The Elberon resident is now assembling 50 to 100 pieces for an exhibit of her work at the Gallery on Grant at the Ruth Hyman JCC in Deal; an artist’s reception is set for May 17, two days after her 90th birthday. She has lost track of the exact number of times she has exhibited but estimates that the May show will push the number into the hundreds, including five or six previously at the JCC.
“The show will be a retrospective, and choosing the pieces to display has evoked a lot of memories,” said Stamaty, who began painting when she was a girl in Piqua, Ohio. “All of my work springs from my life and interests, and when I look at something I created in the 1950s, I remember what the world was like back then.”
Stamaty, who works from a studio in her home, was born 30 miles north of Dayton to Dina and Sam Kastner, Russian-immigrant parents who became part of the early Reform movement and a small, progressive Jewish community.
“My parents were crazy about each other,” Stamaty said. “They wanted to fit in and be real Americans. They always asked me to correct their English — they wanted to be part of American society.”
And they had a recipe for a good marriage, she recalled.
“My father used to say that when my mother said ‘oy,’ it hurt him,” Stamaty said. “He always said that’s what made their marriage work. My family was the perfect example of Jewish behavior in a town of 18,000 with no other Jews living in it. People thought everything we did was a reflection on every Jew in the world.”

The artist’s collection of hand-painted rocks, which she gathers from area beaches

In Your Light, Do We See Light by Clara Gee Stamaty
Stamaty applied for admission to an area art school, requested a Jewish roommate, and was told by school officials that Jewish students were not encouraged to join the student body. Instead, she attended the Art Academy of Cincinnati, where she met fellow student Stanley Stamaty, who became a noted syndicated cartoonist. They were married for 38 years, until his death in 1979. Their son, Mark Alan Stamaty, is an illustrator and cartoonist who lives in New York City.
“Stanley had a great sense of humor, which was perfect for a cartoonist,” she said. “We worked on a lot of cartoon projects together, and we complemented one another. Our minds just worked together.”
‘Strong social conscience’
In addition to collaborating on projects with her husband — she often developed the topics and wrote the text that accompanied many of their political and social cartoons — Stamaty continued to create her own style. She began to paint in oils and watercolors on wood and canvas and create ink drawings and crayon etchings. She used Japanese art forms and the gouache style, an opaque watercolor media, and made relief prints and two-color linoleum block prints. She combined pop art, op art, and collages in works that reflect life in America.
Her work has been displayed all over the world, has appeared in dozens of publications — including Ladies Home Journal, Saturday Evening Post, The New York Times, and Collier’s — and has been purchased by private collectors.

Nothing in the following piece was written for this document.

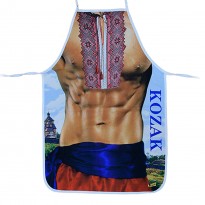 Фартук с приколом Козак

Much of her work shows elements of humor and the social condition, and her artistic inspiration stems from a strong social conscience, Stamaty said. She and her current husband, Milton Ziment, a retired electrical engineer whom she married in 1984, are members of the social action committee at Temple Beth Miriam in Elberon and the Monmouth Center for World Religions and Ethical Thought.
“I like to include humor in my work,” said Stamaty. “It’s important to laugh, especially now. But peace and humanity are always reflected in my projects. They have been driving forces all my life.”
In 1950, the family had moved to Monmouth County, where she became a charter member of the Guild of Creative Arts in Shrewsbury. Stamaty also began to study Hebrew and Jewish mysticism, and the result was a dozen paintings that incorporate Hebrew phrases from the Psalms into her pictures.
“I try to bring people together through my work,” she said. “We’re all connected and feel each other’s pain. We have to care; it’s the only way the world will survive. I hope my work shows elements of care and understanding; I want it to mean something.”